Below are the entries. Transcribe exactly the lines from the one with "Apartment Cozy In Old Riga" through the one with "Чохол Кіт-астронавт на", ends included, and leave out all others.

§ Records supplied
■ ■ ■ ■
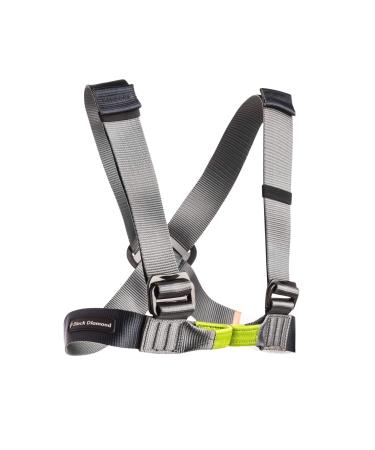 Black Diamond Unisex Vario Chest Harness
■ ■ ■ ■
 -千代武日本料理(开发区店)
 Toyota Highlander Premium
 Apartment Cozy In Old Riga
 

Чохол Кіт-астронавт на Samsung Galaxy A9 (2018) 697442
■ ■ ■ ■
§ Expected answer
 Apartment Cozy In Old Riga
 

Чохол Кіт-астронавт на Samsung Galaxy A9 (2018) 697442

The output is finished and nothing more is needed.